:: Activity ::
Output exactly the lines from the one with "Introduction à Python" through the last line of the data below, both included, and nothing more.

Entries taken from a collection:
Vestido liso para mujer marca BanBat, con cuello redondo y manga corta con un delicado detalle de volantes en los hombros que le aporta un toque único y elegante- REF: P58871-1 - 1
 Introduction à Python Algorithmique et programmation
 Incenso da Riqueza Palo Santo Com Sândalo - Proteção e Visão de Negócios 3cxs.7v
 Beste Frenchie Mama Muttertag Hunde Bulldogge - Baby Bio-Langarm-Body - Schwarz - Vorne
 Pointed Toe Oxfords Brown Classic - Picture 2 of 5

:: Your solution ::
 Introduction à Python Algorithmique et programmation
 Incenso da Riqueza Palo Santo Com Sândalo - Proteção e Visão de Negócios 3cxs.7v
 Beste Frenchie Mama Muttertag Hunde Bulldogge - Baby Bio-Langarm-Body - Schwarz - Vorne
 Pointed Toe Oxfords Brown Classic - Picture 2 of 5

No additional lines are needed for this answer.